What The Fair Labor Standards Act Does Not Require

By Greg Smith posted in Wage & Hour Claims on Saturday, February 27, 2016

The United States Department of Labor (as of December 19, 2015) posted what the United States Fair Labor Standards Act does not require. It is important to know what the “DOL” says because their opinions are usually followed by the nation’s judges, especially in federal court. According to the DOL the following things are typically worked out between the employer and the employee (or if there is a union or agent, their representative):

(1) Vacation, holiday, severance, or sick pay. In other words, if your employer says that you must work on Thanksgiving, you may be out of luck. However, other laws still apply (like the 1964 Civil Rights Act), so if your boss demands you work on Sunday, but your religious beliefs demand otherwise, an accommodation may be in order.

For example, one federal court stuck it to an employer, and ruled that: (1) the employee’s participation in Saturday bible class activities constituted a “religious obligation,” and (2) the employer made no effort to accommodate the employee’s religious needs (which the employee had told the employer about) and the employer failed to demonstrate that it would suffer any undue hardship in accommodating the employee. Redmond v. GAF Corp., 574 F.2d 897 (7th Cir. 1978)

(2) meal or rest periods, holidays off, or vacations;

(3) premium pay for weekend or holiday work;

(4) pay raises or fringe benefits;

(5) a discharge notice, reason for discharge, or immediate payment of final wages to terminated employees;

(6) pay stubs or “W-2s”.

The DOL says that the FLSA does not limit the number of hours in a day, or days in a week, an employee may be required or scheduled to work, including overtime hours – so, theoretically, if you work 39 straight hours in a week, then don’t work any more that week, you would be entitled to overtime. Such is different in states like California. Of course, if the employer works a fatigued employee, the employer may end up getting sued for the consequences of that.

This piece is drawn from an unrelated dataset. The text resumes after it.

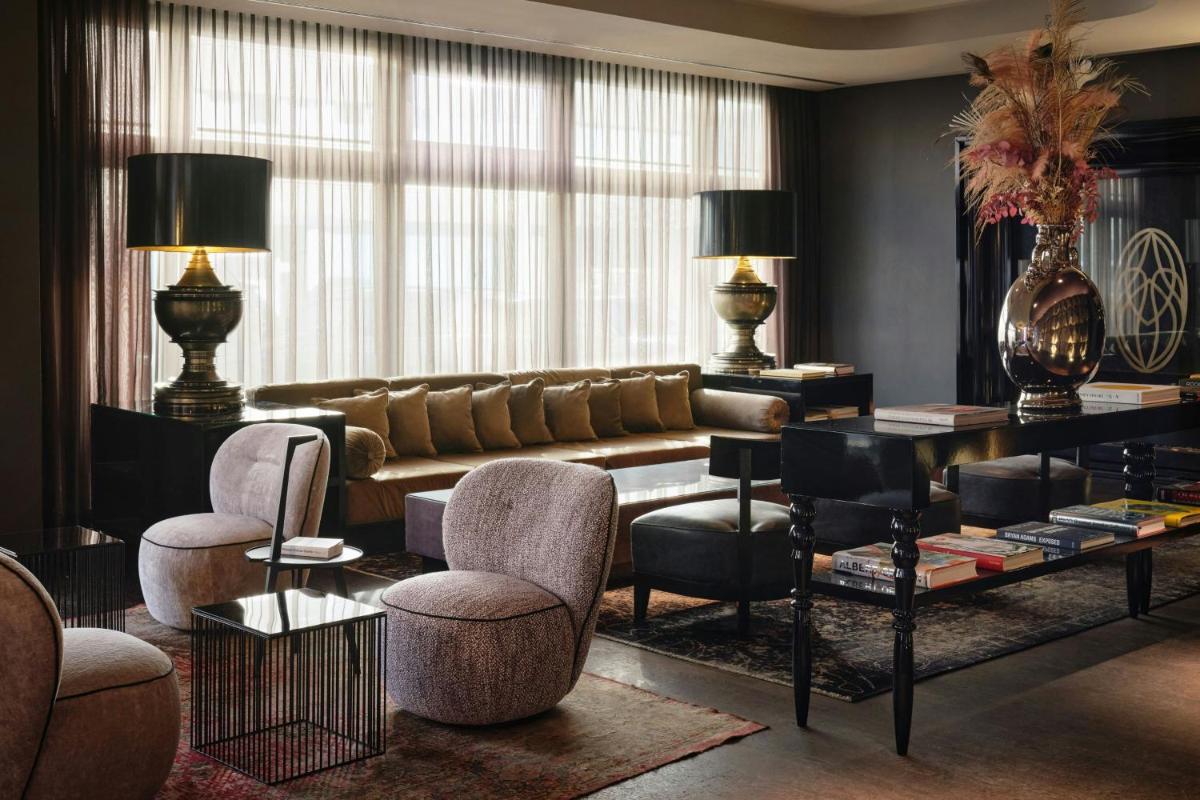 ein Wohnzimmer mit Sofa und Stühlen in der Unterkunft Roomers Frankfurt Central, Autograph Collection in Frankfurt am Main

In Utah, “unfair termination” is not necessarily illegal. In other words, if you are fired simply because you’re a New York Jets fan, but your boss is a New England Patriots fan, you may be out of luck. After all, Utah is an “at-will” state, which means since you can end the employment relationship whenever you feel like, the employer should be able to do that same – unless his reason for doing so violates a law (firing for race, religion, national origin, etc.)

In other words, your employer can fire you, even if you’re this best employee, and even though he never gave you any warnings, and even if you have done nothing wrong. But that does not mean you won’t get unemployment benefits. After all, to deny you unemployment benefits, the boss has to show you knew you were doing something wrong, you could control or fix your screw-ups, and you were guilty of not doing what you knew you should be doing.

However, there are exceptions to the at-will rule. For example, an employer cannot fire you (without potentially being sued, or sanctioned by the government) if doing so would be: (1) unlawful discrimination (2) a violation of an employment contract or (3) a violation of public policy. The law also gives protection to whistle-blowers in some situations.

Most people know all about unlawful discrimination – firing a person because of their “race, color, religion, sex, age (over 39), national origin, disability, sexual orientation, gender identity, pregnancy, childbirth or pregnancy-related conditions” (According to Utah’s DOL website). Also, an employer cannot fire you for asking for a reasonable accommodation (such as not having to work on a Sunday, or not having to serve alcohol), for complaining about unlawful discrimination (or for not being paid according to the mandates of the FLSA minimum wage and/or overtime laws), or for participating in an employment discrimination investigation (in other words, you can’t be fired just because you are to taking the employer’s side of things, and tell the investigator the truth).

A lot of employees get fired “against public policy.” This is far different from being fired because you are a New York Jets fan. Utah law prohibits an employer from firing you if your termination would violate “clear and substantial Utah public policy.”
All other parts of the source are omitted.